Saudi Arabia has stated to investors the risks it faces due to low oil prices. The details were included in a prospectus ahead of its scheduled Dollar bond issue. The three-tranche deal could potentially raise USD 15bn for the Kingdom. Shrinking Oil Incomes for the GCC states is a considerable issue with many members borrowing large sums to fill cash shortfalls. Bahrain recently completed the process with a USD2bn dual tranche which was well oversubscribed (USD7bn). One of the tranches was Sukuk which you can read about here: Is Shrinking Oil Income Prompting Sukuk Issuance?
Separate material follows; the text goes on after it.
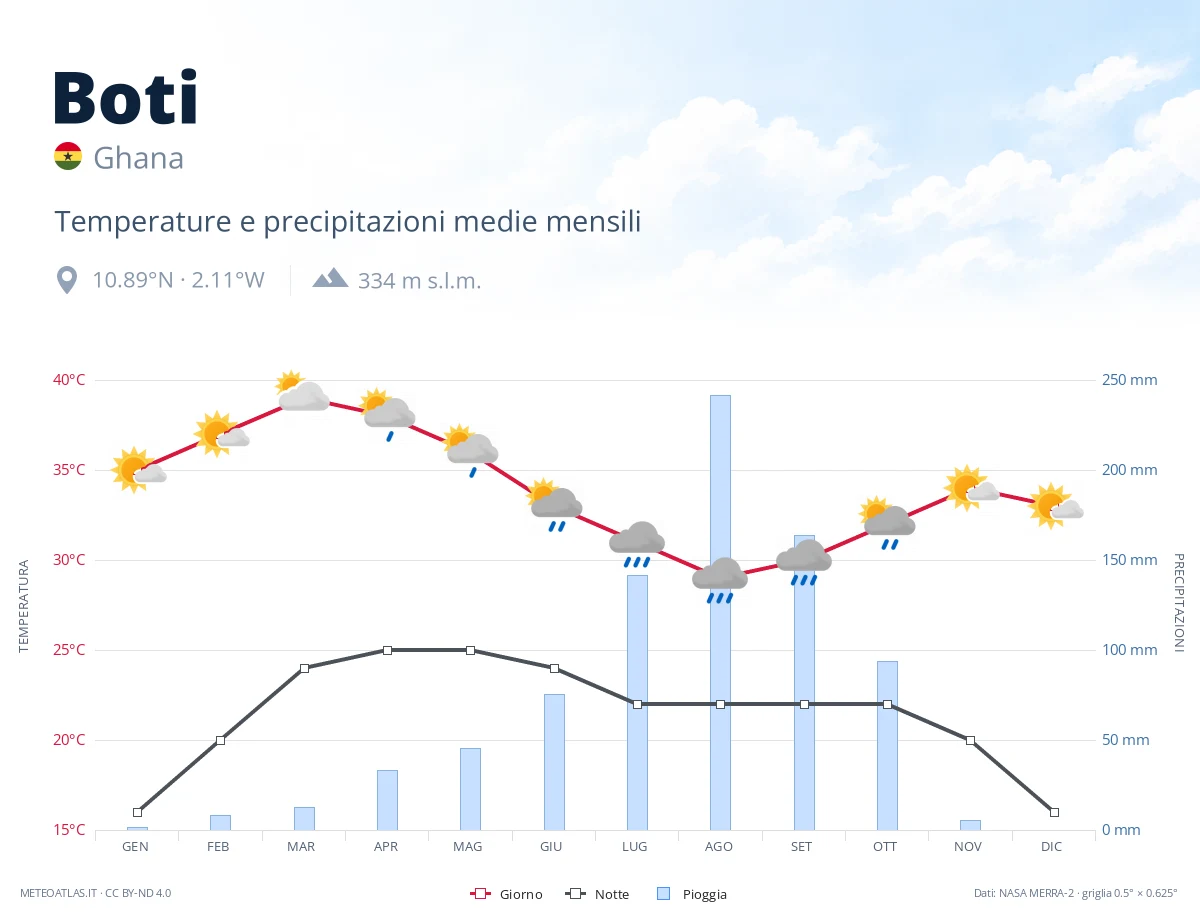 Boti - temperature e precipitazioni medie mensili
The Saudi government expects the budget deficit for the year to be 326 billion Saudi riyals (USD87bn), or 13.5% of nominal gross domestic product (GNP). Saudi Arabia estimate its oil reserves are expected to last 70 years considering the average production level of about 10.2 million barrels a year. The deal comes at a time of strength for EM credit and oil, with funds still seeing strong inflows which should help to absorb the new bonds. However, newly-issued GCC Eurobonds could suffer as investors switch into the probable higher yielding Saudi bonds.
Who is in on the Deal?
The Kingdom of Saudi Arabia is rated A1 by Moody’s (stable) and AA- by Fitch (negative). It has mandated Citi, HSBC and J.P. Morgan as Joint Global Coordinators, to organize a series of fixed income investor meetings commencing this Wednesday, 12th October 2016. In addition, Bank of China, BNP PARIBAS, Deutsche Bank, Goldman Sachs, Morgan Stanley, MUFG, and NCB Capital, together with the Joint Global Coordinators, are mandated as Joint Lead Managers and Joint Bookrunners. Subject to market conditions, a debut Rule 144A/Reg S Senior Unsecured USD benchmark offering across 5, 10 and 30 year maturities under the Kingdom's GMTN Programme will follow. FCA/ICMA Stabilisation.